A play by Athol Fugard and directed by the author.
National Theatre, 27 February 1985
Lyttelton Theatre

THE NATIONAL THEATRE COMPANY
Peter Hall Group

MISS HELEN Yvonne Bryceland
ELSA BARLOW Charlotte Cornwell
MARIUS BYLEVELD Bob Peck

Decor: Douglas Heap
Lighting: Rory Dempster
Sound: Paul Groothuis


And Bob Peck plays the Paster from his own point of view as a man of rigid, pocketbacked dignity unable to express the love that he feels.

- Michael Billington, Guardian, 28 February 1985


At first, Bob Peck seemed so stiff of bearing, so hollow of voice and so jerky of gesture, that one might be forgiven for mistaking his pastor for an aged Pinocchio; but the mastery with which he was suggesting a man reduced to a husk enclosing a single obsession, eventually became apparent.

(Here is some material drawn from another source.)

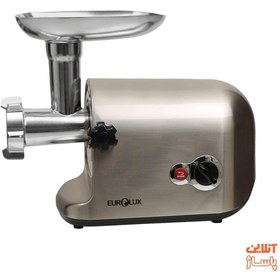 تصویر چرخ گوشت یورولوکس 3600 واتی مدل EU_MG3180 ا Eurolux meat grinder 3600 watts model EU_MG3180 Eurolux meat grinder 3600 watts model EU_MG3180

- Francis King, Sunday Telegraph, 3 March 1985

For reasons having more to do with political fashion than theatrical justice, Athol Fugard tends to be admired in Britain more for his directly anti-apartheid tracts than for his poetic dramas; his new play The Road to Mecca (on the National's Lyttelton stage) has therefore had a predictably rough ride from many of my colleagues, but turns out to be a marvellously lyrical account of an eccentric old Afrikaaner sculptress finding the courage to stay well away from the old peoples' home to which the local village pastor and her long-time admirer wishes now to commit her.

Put as bleakly as that, The Road to Mecca may not sound especially compelling: what makes it such an absorbing and unmissable evening is, however, the playing of Yvonne Bryceland as the old lady, and Bob Peck as the Pastor, and Charlotte Cornwell who completes the cast as the young radical teacher who comes back to give the old lady her independence again. If you can imagine The Corn is Green in an African setting, then that is one part of this Road; but it also, in the author's own production, manages to be a play about loneliness, and eccentricity, and the arrogance of church commissioners, and the claustrophobia of village life, and the fear of someone who abandons religion for art.